The piece was a rather long, rambling conversation between Marc Sani & myself about interesting things that are happening in the bike business, and the War & Peace-length result shortened to about 500 words. It introduced several topics I want to talk about here in more detail:
1. The bike business is not “changing”. It has already changed, and we just haven’t figured it out yet. As an industry, we (well, the North American portion of us, anyway) still think it’s 2003; business is going nowhere but up (at least for the “A” suppliers and retailers), and those small-fry upstart brands and retailers just don’t matter. In reality none of those things are true. The nascent reality of the bike biz sector requires not just new products, but a fundamental shift in how the industry conducts its business. And itself. I call this new reality Bike 2.0.

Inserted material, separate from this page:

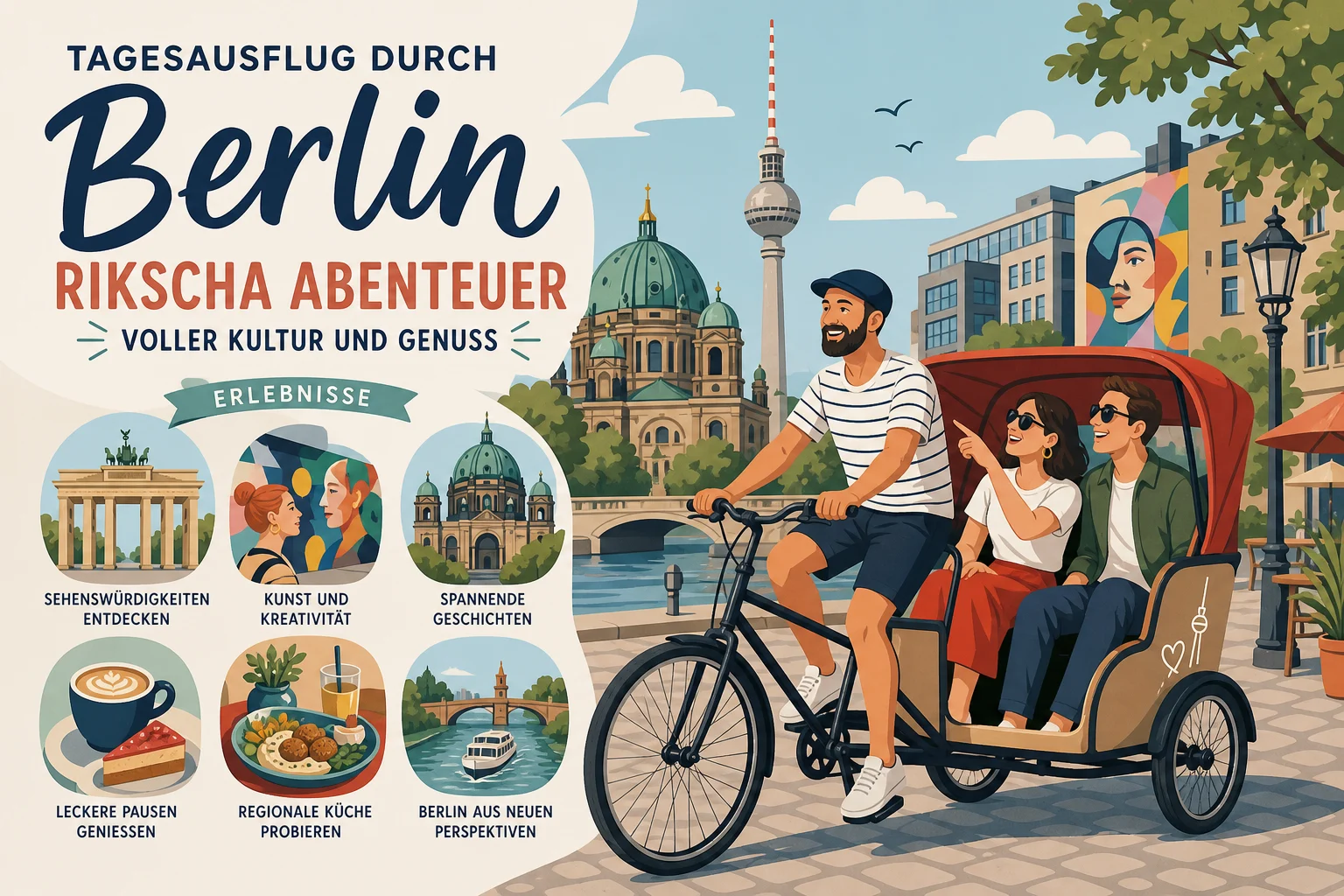 Tagesausflug durch Berlin: Rikscha, Kultur und Genuss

2. The Bike 2.0 Polarization will continue— but formerly “niche” players are already part of the mainstream. I didn’t express this very well in the article, and either Marc or I (probably me) missed an important point in getting it to print. Here’s an outlined version:
2.1 No More “B”s. Ten years ago, the bikes portion of the market was divided into “A” (Trek & Giant), “B” (Cannondale, Raleigh, Specialized, et al), and “C” players (everyone else). Now there are only “A”s, which is to say, Trek/Fisher or Specialized, and everyone else. This polarization is also reflected in the retail side of the business where there are one or two dominant players in each market carrying one (or sometimes both) those “A” brands.
2.2 Specialized and Trek have consolidated their dominance by getting into the largest/strongest retailers and by locking down as many of their retail dollars as possible, systematically driving “B” players off the sales floor. The Concept Store is merely the logical conclusion of this process. (The interview goes on to quote me as saying “Trek and Specialized are much more tolerant of sharing floor space with Giant or Bianchi.” What I should have said is “Trek and Specialized are much more tolerant of sharing floor space with perceived “niche” brands like Surly or Orbea or Intense than with more mainline brands like Giant or Bianchi.”)
I should point out that despite the grumbling, there’s absolutely nothing unethical in this practice. (It’s just standard business tactics, kids; get used to it.) But it has profound effects on the brand landscape, as we shall see:
3. Paradoxically, this polarization process will allow formerly “niche” brands to flourish, increasing the value and diversity of the brand mix overall and paving the way for entirely new business models at both wholesale and retail.
3.1 Desptie conventional wisdom, not every roadie wants to ride Lance’s bike. The very success (and don’t get me wrong, technical excellence, too) of monolithic brands creates increased cachet for boutique brands & products. Sure, it’s cool to show up on the Sunday morning ride with a new Tarmac SL. But it’s so much cooler to show up on a BMC SLT 01. Ditto on the offroad side, of course. And the same goes for fixies, commuters, 29ers, e-bikes; helmets, shoes, wheels, pedals…you name it.
3.2 The same process opens up new and exciting opportunities for retailers as well.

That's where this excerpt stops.